Guest Blogger, Sebastián Peña  Fajuri, is a Chilean medical doctor and an associate editor at the National Institute for Health and Welfare in Finland where he is currently working on a ‘Health in All Policies’ book for the Global Conference on Health Promotion in Helsinki 2013. In a series of posts, Sebastián will explore the health policy strategy of ‘Health in All Policies”. This first post introduces the concept and takes a historical look at why such an approach is important for the promotion of population health.

I must confess that before starting my current job at the National Institute for Health and Welfare in Finland, I was hardly aware of the growing high-level policy attention being given to the ‘Health in All Policies’ approach. Recently however, the World Health Assembly issued a strong call for its use and both the South Australian Government and the State of California in the United States have already started to implement it. It’s also one of four main themes in EU health policy.

Despite being presented as an innovation, the concept of Health in All policies is not new. It builds on the work of Geoffrey Rose and the Ottawa Charter from 1986, which promoted the concepts of “healthy public policies” and “intersectoral action for health”.

So, what is Health in All Policies?

Health in All Policies refers to a simple fact: areas other than health services have the greatest impact on people’s health.

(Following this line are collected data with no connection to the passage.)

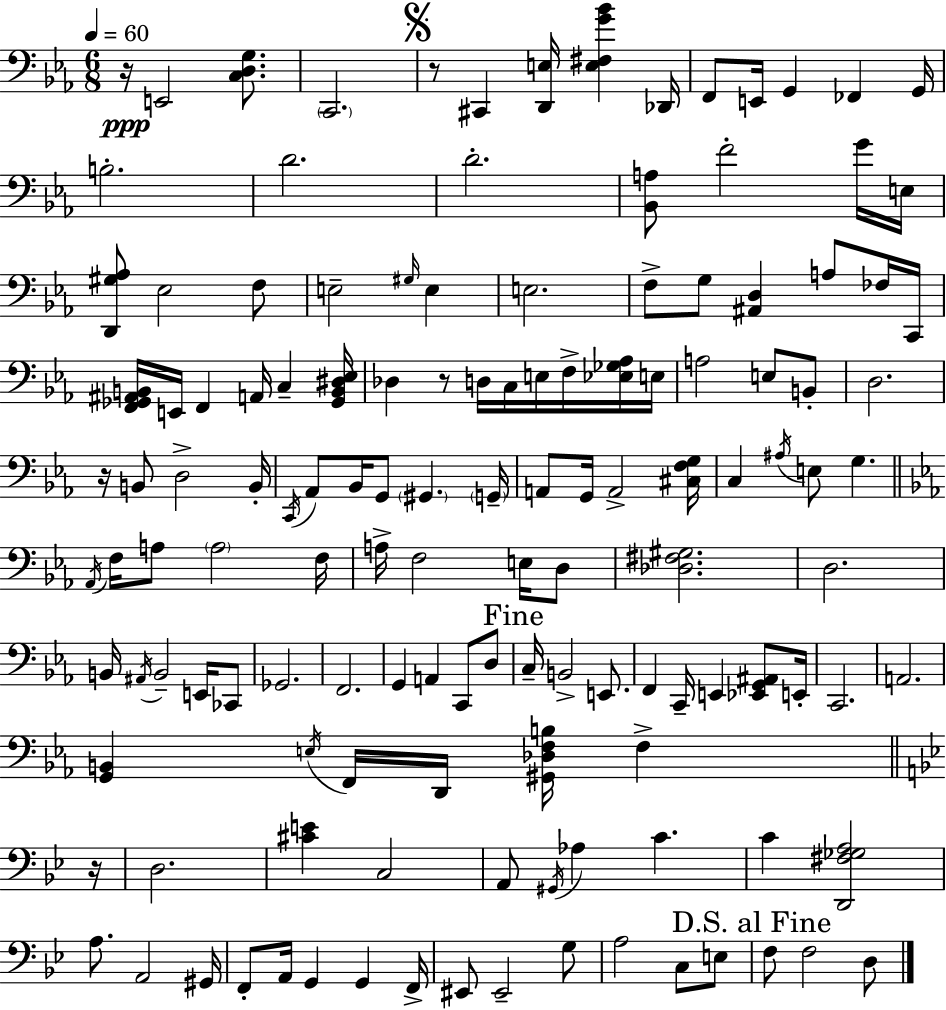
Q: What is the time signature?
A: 6/8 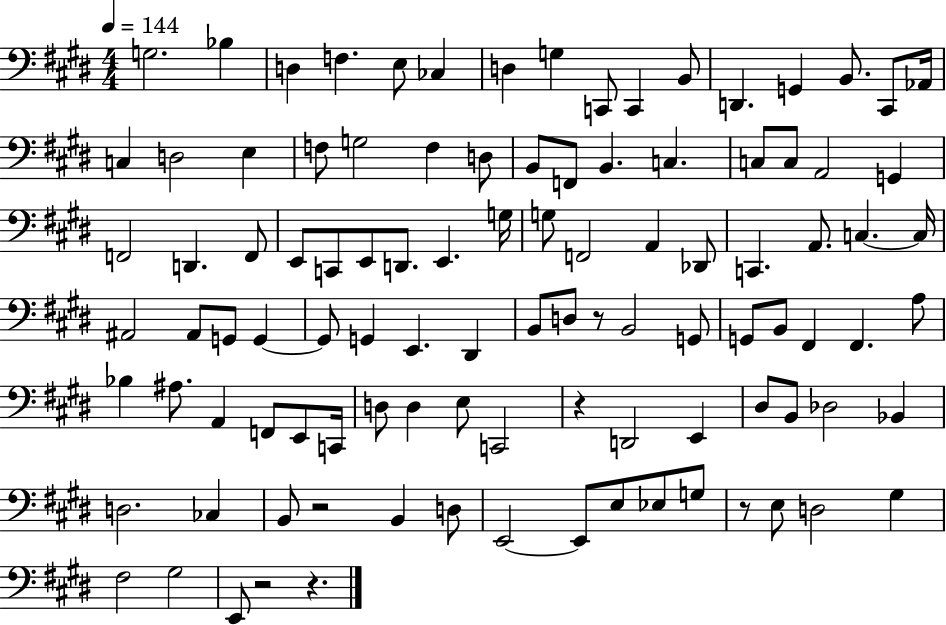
G3/h. Bb3/q D3/q F3/q. E3/e CES3/q D3/q G3/q C2/e C2/q B2/e D2/q. G2/q B2/e. C#2/e Ab2/s C3/q D3/h E3/q F3/e G3/h F3/q D3/e B2/e F2/e B2/q. C3/q. C3/e C3/e A2/h G2/q F2/h D2/q. F2/e E2/e C2/e E2/e D2/e. E2/q. G3/s G3/e F2/h A2/q Db2/e C2/q. A2/e. C3/q. C3/s A#2/h A#2/e G2/e G2/q G2/e G2/q E2/q. D#2/q B2/e D3/e R/e B2/h G2/e G2/e B2/e F#2/q F#2/q. A3/e Bb3/q A#3/e. A2/q F2/e E2/e C2/s D3/e D3/q E3/e C2/h R/q D2/h E2/q D#3/e B2/e Db3/h Bb2/q D3/h. CES3/q B2/e R/h B2/q D3/e E2/h E2/e E3/e Eb3/e G3/e R/e E3/e D3/h G#3/q F#3/h G#3/h E2/e R/h R/q. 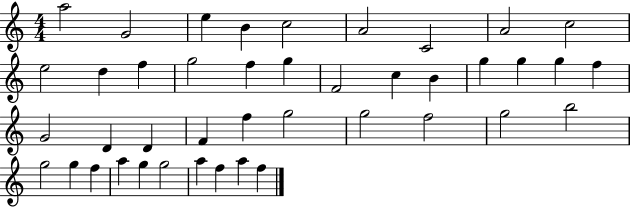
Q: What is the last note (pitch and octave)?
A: F5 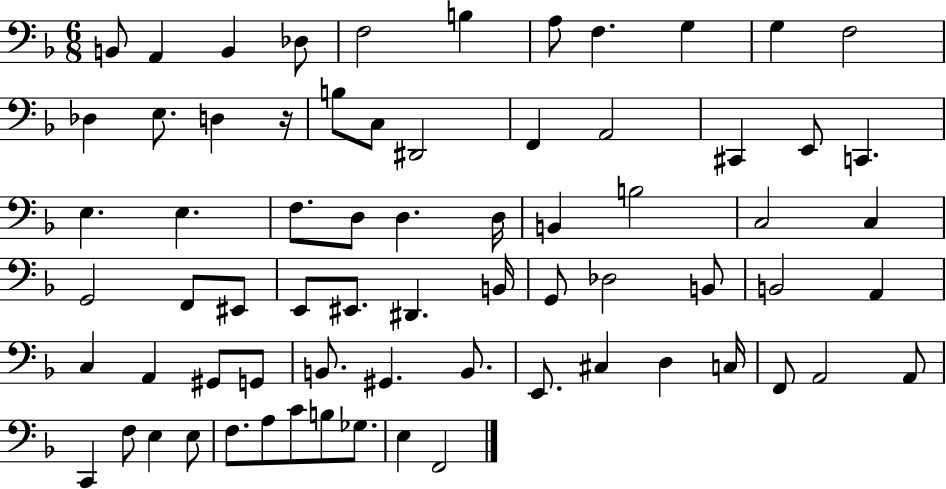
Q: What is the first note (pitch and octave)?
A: B2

Our health depends more on what kind of work we have, where we live, what food is available to buy and so on.

Let’s take a classic example from Finland. Finnish men in the 1970s had the highest cardiovascular mortality in the world (around 720/100,000). In the peaceful eastern region of North Karelia, cardiovascular diseases were even more common. At that time, experts had a vague idea that these diseases were being caused by a high consumption of saturated fats, smoking and high blood pressure. The region, indeed, was a strong producer of butter, cream and other hearty milk products, as well as meat.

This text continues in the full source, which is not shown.